The black limited-edition watch that now bears his name (tucked away on the case back, rather than on the dial) bears many of the hallmarks of a driver’s watch – which is curious, given the watch on which it’s based is first and foremost a diver’s watch. It is, if you like, a drive ’n’ dive watch.
  The black Fisker-designed version of the Maurice Lacroix Pontos S Extreme is limited to 999 pieces
It’s inherited the clever inner rotating bezel system that’s activated by a lockable crown-cum-pushbutton at 2 o’clock from last year’s Pontos S. Fisker is quick to point out he didn’t have a hand in the mechanism, or in the overall design of the watch (there are two other non-Fisker versions of the Extreme – one in blue, one in khaki), but that his influence was over choice of colours used in the watch and in the design of the strap.
‘I wanted to make it feel fast,’ he says, perhaps not surprisingly, given his sports car background. ‘Red is a very sporty colour and the strap is perforated, which you see in lots of motorsport-inspired watches, but it also has this shape which angles in, to make it look as if it’s moving.’ That strap is made of an abrasion-resistant textile and hydrophobic leather so that it can be worn underwater.
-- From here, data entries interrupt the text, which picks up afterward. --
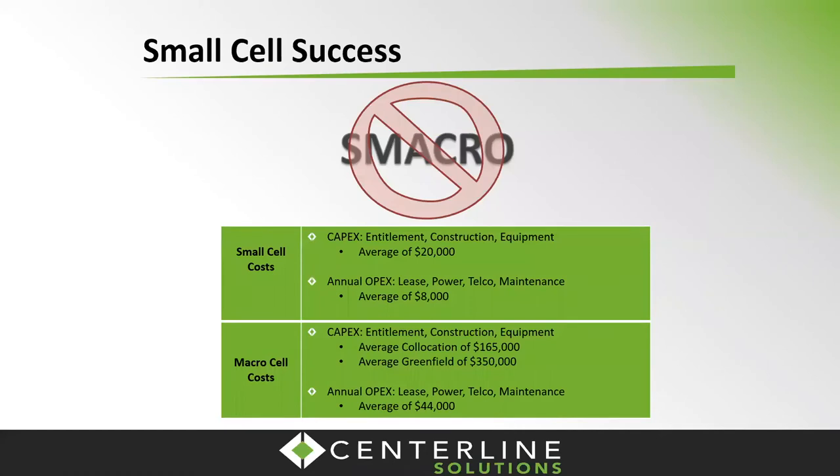From a cost standpoint, these are ballparks from our actual deployments. Successful small cell projects over the last couple of years have come in around $20,000 on the CAPEX side. And recurring OPEX — taking into account your lease, power, and maintenance — hitting around $8,000 a year. Compare that to what we're all used to on the macro site side: that's significantly better, and it will continue to be refined. We are seeing some SMACROs where you're getting a traditional lease rate even though you have the lower equipment costs, but that gives you a view of the cost structure impact with small cells.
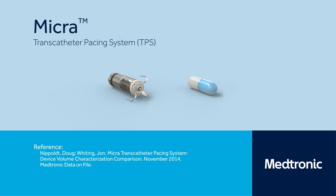Approved by the FDA in 2016, Micra, the world's smallest pacemaker, is a leadless pacemaker option for patients who only require pacing in the right ventricle. Micra is small, but it senses and paces just like a traditional pacemaker. It is about the size of a large vitamin.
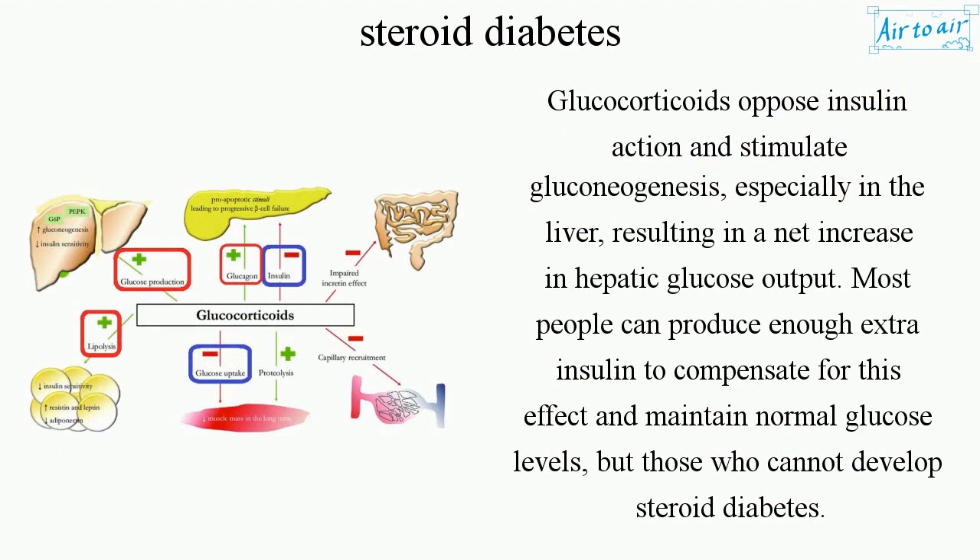Glucocorticoids impair insulin action and stimulate gluconeogenesis, especially in the liver, resulting in a net increase in hepatic glucose output. Most people can produce enough extra insulin to compensate for this effect and maintain normal glucose levels, but those who cannot develop steroid diabetes.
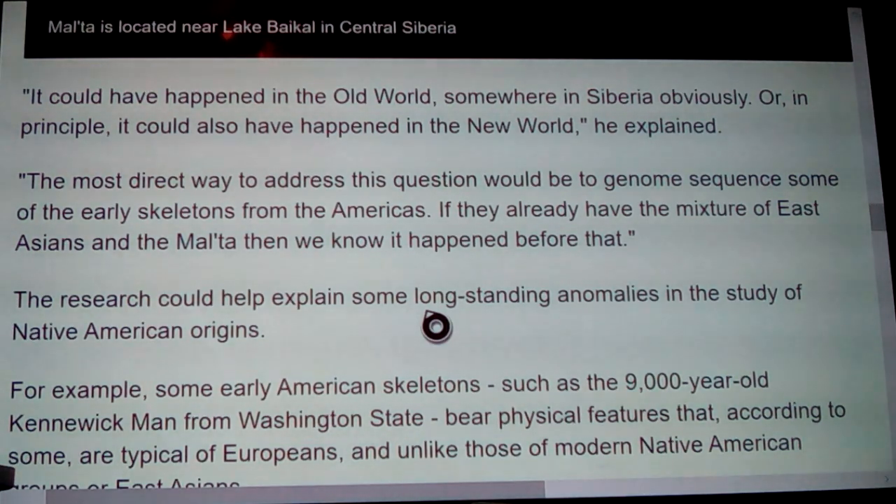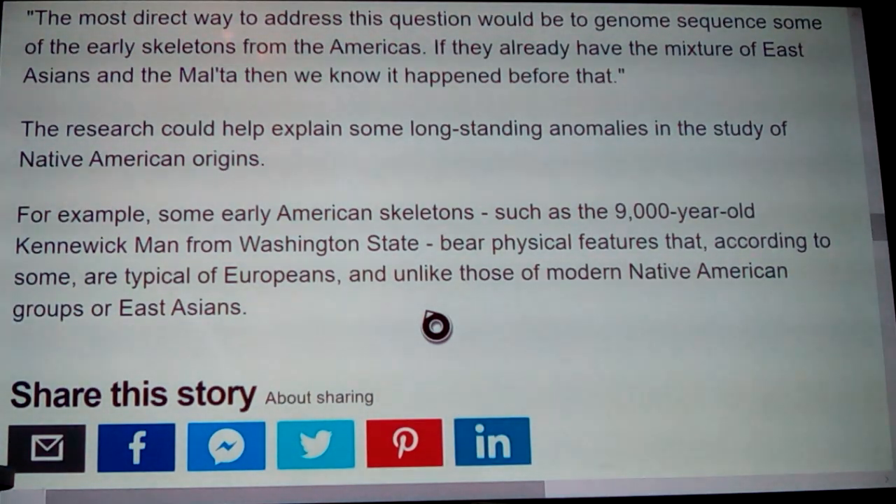The most direct way to address this question would be to genome-sequence some of the early skeletons from the Americas. If they already have the mixture of East Asians and the Malta population, we would know it happened before. Since this paper came out, we have had those two finds, and it says after — and a blend. The research could help explain long-standing anomalies in the study of Native American origins, such as the 9,000-year-old Kennewick Man from Washington State, whose physical features some argue are typical of Europeans and unlike those of modern Native Americans or East Asians.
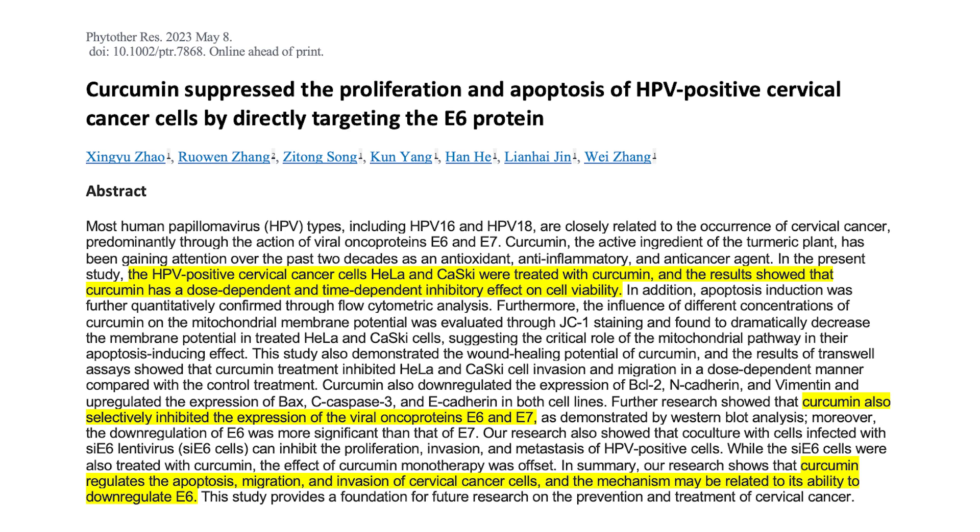This is a 2023 study that found that HPV-positive cervical cancer cell lines — the HeLa and the Caski, two different types of cancer cell lines used to study cervical cancer — were treated with curcumin. The results showed that curcumin has a dose-dependent and time-dependent inhibitory effect on cell viability. In other words, when exposed to curcumin, cancer cells are not viable and end up dying. They also selectively inhibited the expression of the E6 and E7 viral oncoproteins, and curcumin regulates apoptosis, migration, and invasion of cervical cancer cells.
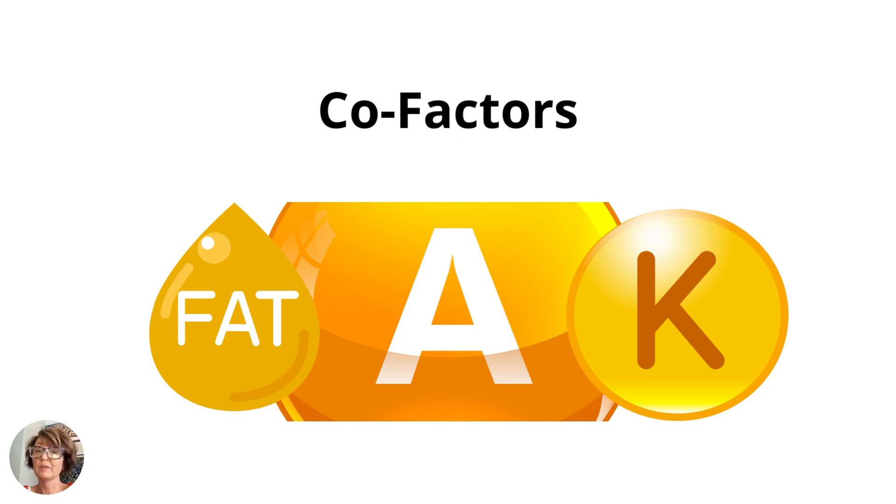I often see patients who've been on vitamin D already but their levels still aren't great, and a lot of times they've just been given plain vitamin D. Vitamin D works best with certain cofactors. It's a fat-soluble vitamin, so it shouldn't be taken on an empty stomach — it's best taken with food, ideally something with a little fat. The cofactors it needs are vitamins A and K, so look for a combination supplement that includes A, D, and K. The specific amount you need should be determined by your provider based on your lab results, but for most people a 2,000 IU daily dose is a safe starting point.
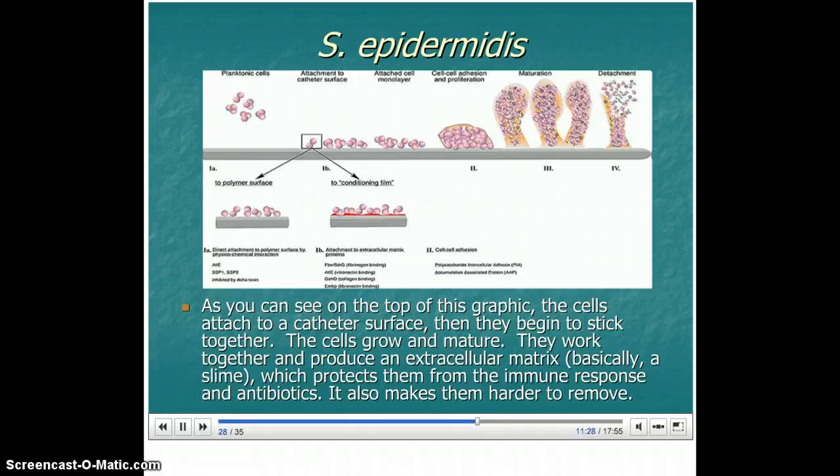Take a look at this picture, specifically the top. Basically, they start out like on the left — the cells attached to the catheter surface. Bacteria can grow on a surface, but it's not as often that they actually attach to that surface. That's what's going on with these biofilms. The Staph epidermidis actually attaches to the catheter surface, which is very common in medical instrument contamination. Then the cells start to grow and mature.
It also makes it much more resistant to sweat than a normal leather or textile strap – useful if you have an active lifestyle.
  Fisker designed the strap of the Maurice Lacroix Pontos S Extreme to look ‘fast’. The strap is made of hydrophobic materials so it can be worn underwater
Given Fisker is one of the standout designers of his time, it’s intriguing to find out what he thinks about watch design and the industry it’s spawned.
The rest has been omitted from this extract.